Andra yang hanya pasrah ditarik Andrea tak sengaja menghimpit seorang gadis hingga kepalanya terantuk dinding, hingga gadis itu berteriak kaget
"Aawww!!" seru gadis itu.
"M-maaf mbak, saya gak sengaja, karena adek saya terus menarik saya" spontan kak Andra memghentikan langkahnya dan meminta maaf pada gadis tersebut, dan Andrea pun ikut berhenti karena kejadian itu.
"Makanya kalau jalan pakai mata, ini kan tempat ramai, kaya bocah aja main tarik tarikan" ketus gadis yang tertabrak Andra.
" Iya mbak, saya benar benar tidak sengaja" Andra meminta maaf lagi masih dengan kesabarannya.
"Ganti rugi, gara gara kamu kepala saya jadi benjol!" ketusnya sambil memgang kepala, sementara Andrea memincingkan matanya karena seperti mengenali gadis tersebut, tapi gadis itu sepertinya tak mengenali Andrea lagi
"Raisa.." batin Andrea, tapi Andrea santai saja, ia akan ikuti sampai mana permainan Raisa.
"Berapa saya harus ganti rugi anda?" tanya kak Andra.
"Dua juta!" seru gadis itu menyebutkan nominal.
"Gilaa, cuma terantuk.gitu aja minta dua juta, mau memeras ya kamu?!" seru Andrea tak santai lagi, tapi kakaknya hanya mengusap tangan Andrea agar bersabar.
"Bener cuma segitu? cukup?" kak Andra menguji gadis itu.

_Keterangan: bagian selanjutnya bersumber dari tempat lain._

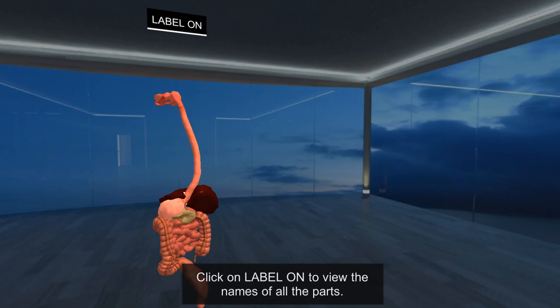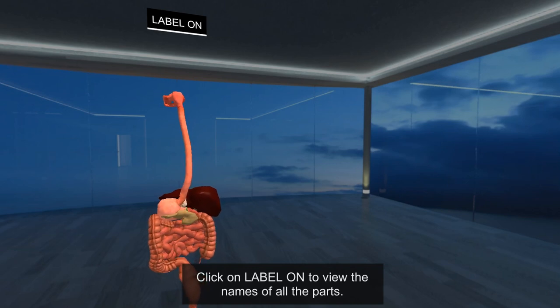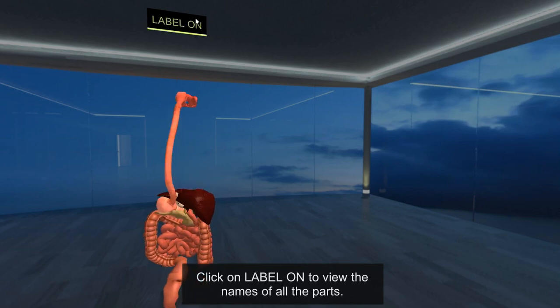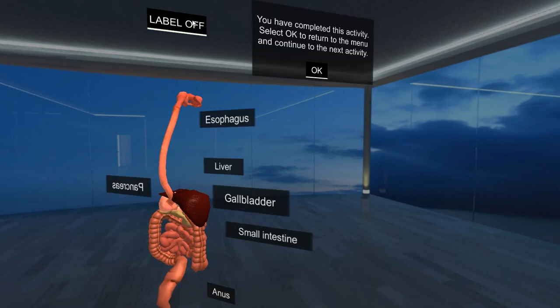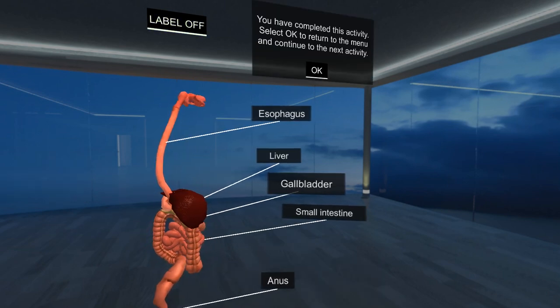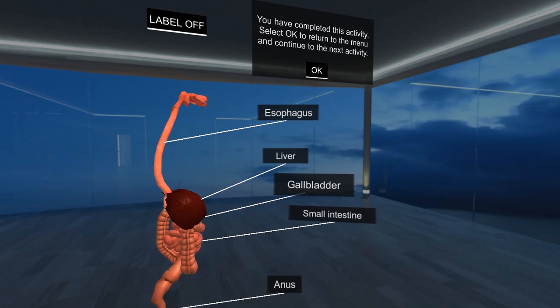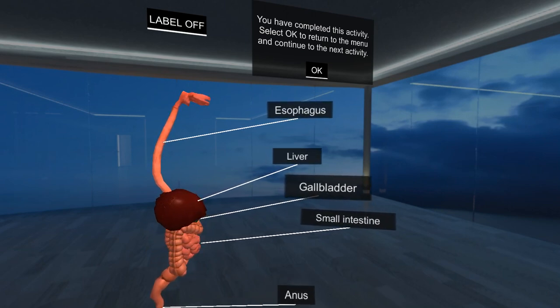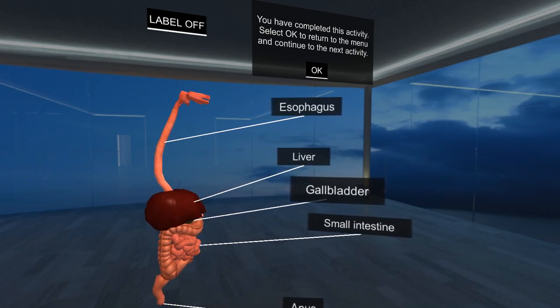Click on Label On to view the names of all the parts. You have completed this activity. Select OK to return to the menu and continue to the next activity.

"Eehmmm tiga juta deh, cukup!" jawab sang gadis.
"Baiklah" tanpa penolakan kak Andra langsung mengambil sejumlah uang yang diminta gadis itu dari waistbagnya, dan tanpa basa basi sang cewek langsung merebut uang dari tangan kak Andra.
"Sebelum mbak pergi, pastikan mbak melihat wajah saya baik baik, siapa tau suatu saat kita bisa bertemu dan mbak bisa merampok saya lagi, atau kalau gak, biar wajah saya selalu memghantui rasa bersalah mbak" kak Andra menyindir gadis tersebut tapi sang gadis tetap tak bergeming.
"Bodo amat!" seru sang gadis sambil berlalu dari hadapan Andra dan Andrea dengan memakai uang tadi sebagai kipas.
"Show time, tugas kamu selanjutnya dek" kata kak Andra sambil menyunggingkan smirk dibibirnya, sementara Andrea hanya menatap kakaknya penuh tanya.
...****************...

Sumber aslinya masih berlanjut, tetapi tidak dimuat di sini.